* Exercise description
When you reach the line that contains "get-in-touch-with-oasis-bags-top-gift-bags-manufacturers-big-0", set down that line and every one after it through the end of the records, exactly as written and with no pictures.

(Stored entries)

────

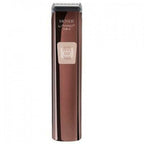 MOSER 1588 LI+PRO 2 MINI Professional Cordless Hair Trimmer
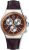 SWATCH YVS413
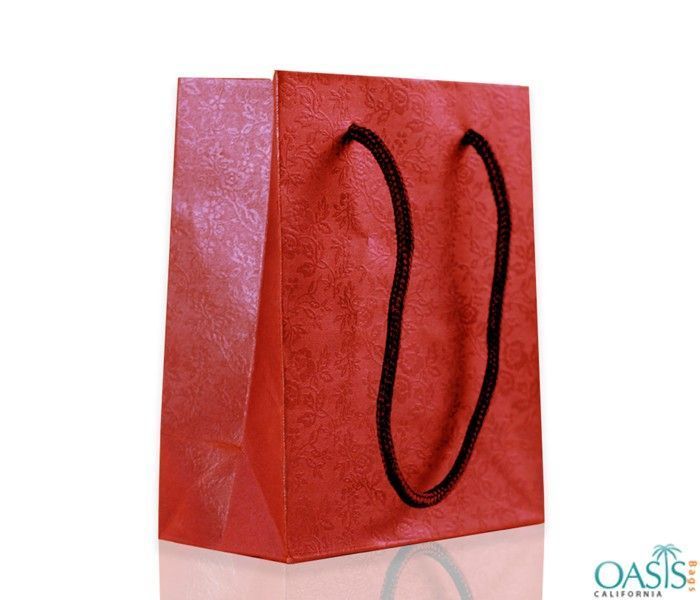get-in-touch-with-oasis-bags-top-gift-bags-manufacturers-big-0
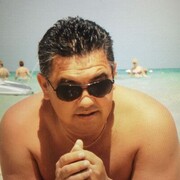  ,   , 58 ,   ,   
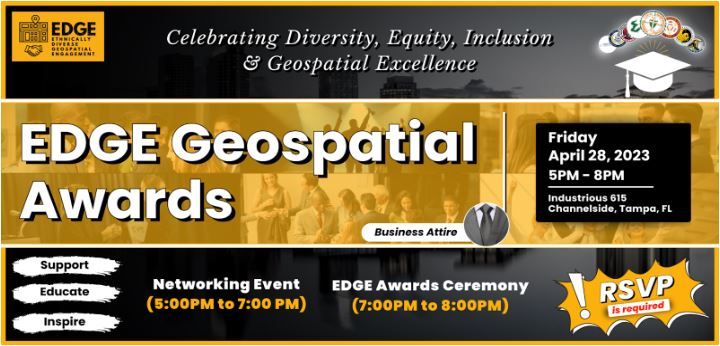 EDGE Geospatial Awards.JPG EDGE Geospatial Awards.JPG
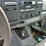 2006-ford-f450-xl-image-12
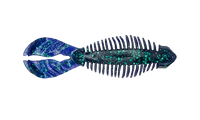 Craw Gill - Junebug (Pack of 7)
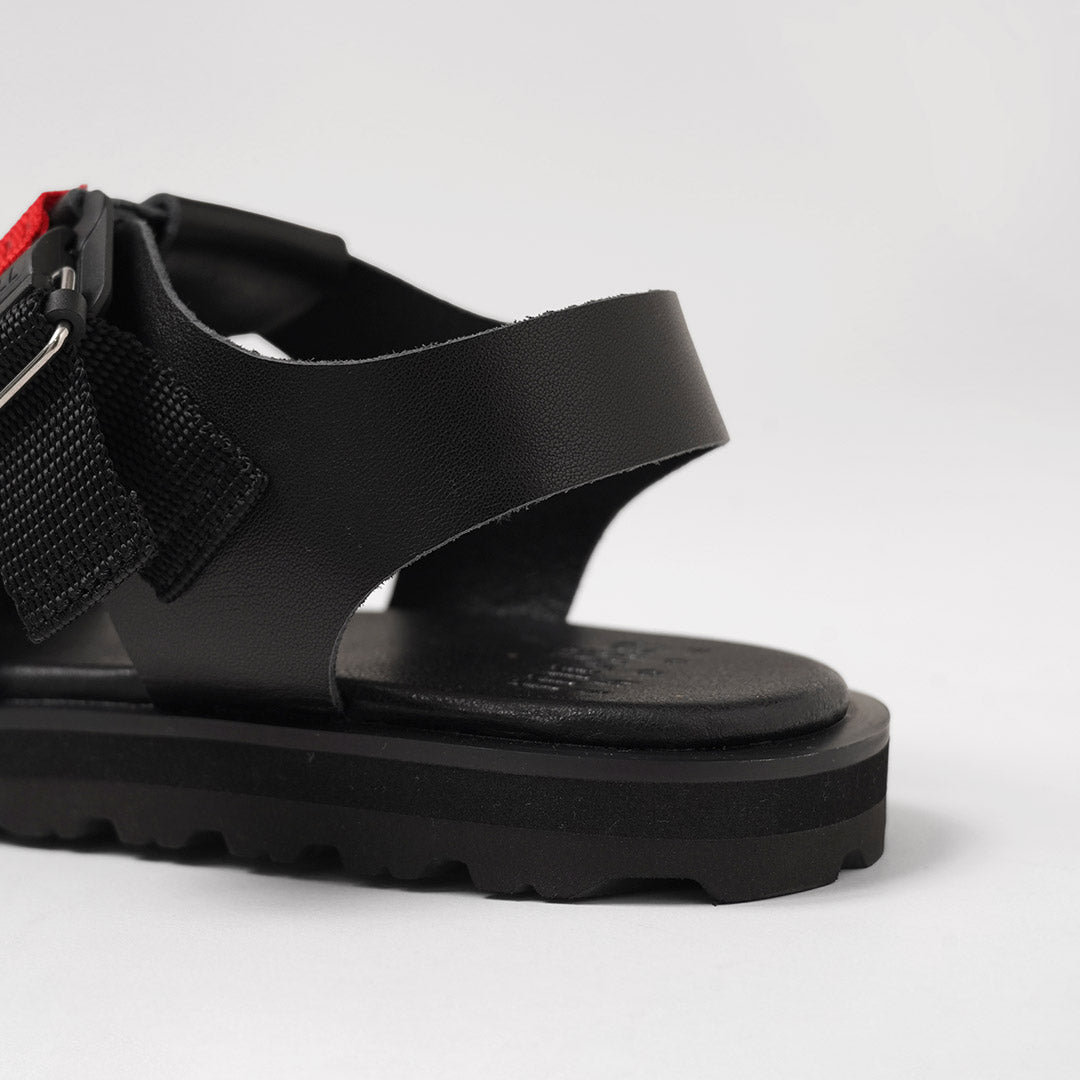 MOLLESHOES（モールシューズ）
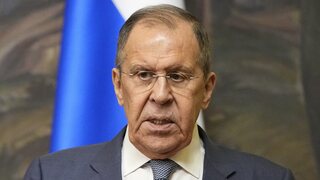 Bulharsko zakázalo prelet Lavrovovi. Vytvárate nebezpečný precedens pre NATO, odkazuje Moskva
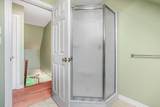 171 Island Street - Photo 31
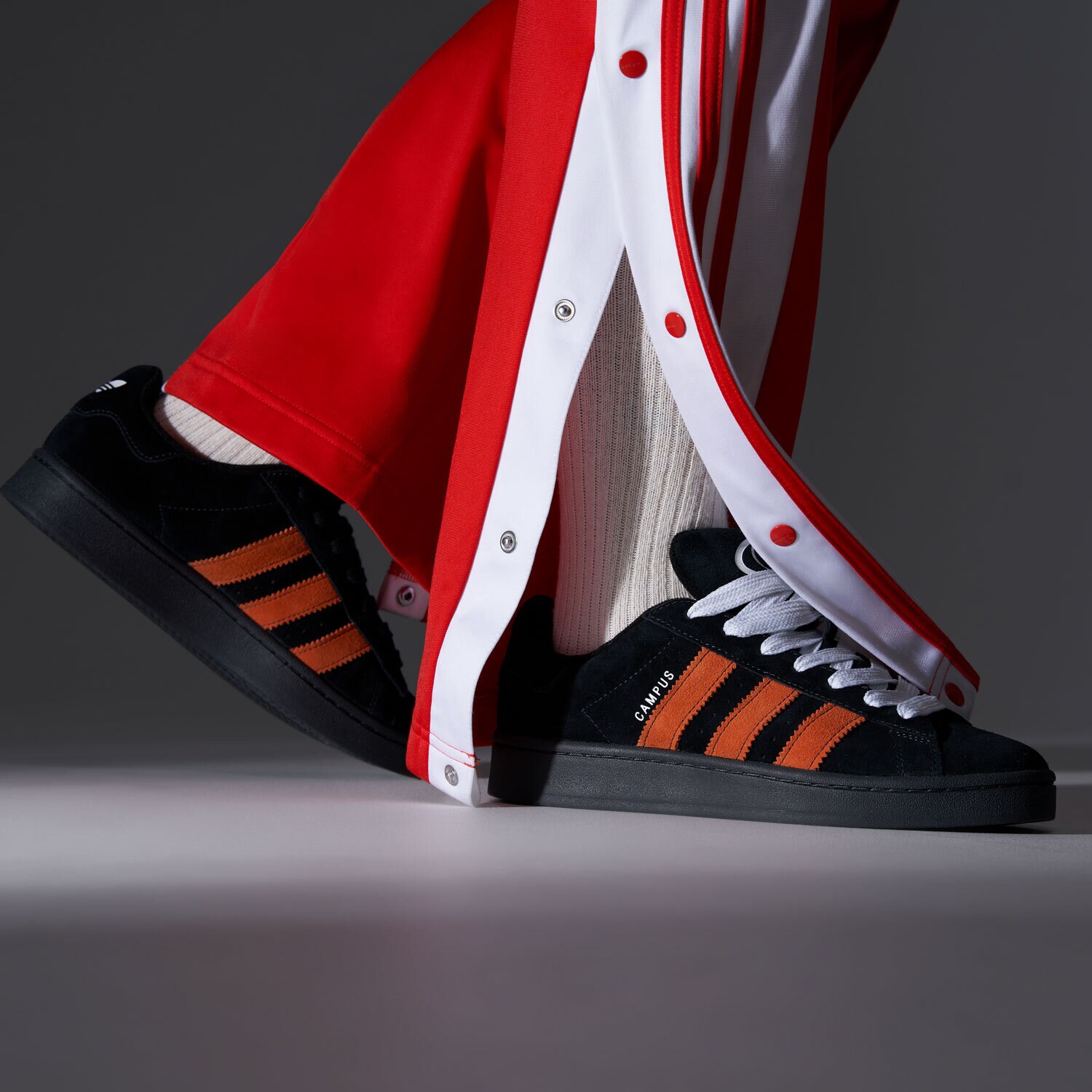 adidas Campus 00S — foto 3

────

* Result
get-in-touch-with-oasis-bags-top-gift-bags-manufacturers-big-0
  ,   , 58 ,   ,   
 EDGE Geospatial Awards.JPG EDGE Geospatial Awards.JPG
 2006-ford-f450-xl-image-12
 Craw Gill - Junebug (Pack of 7)
 MOLLESHOES（モールシューズ）
 Bulharsko zakázalo prelet Lavrovovi. Vytvárate nebezpečný precedens pre NATO, odkazuje Moskva
 171 Island Street - Photo 31
 adidas Campus 00S — foto 3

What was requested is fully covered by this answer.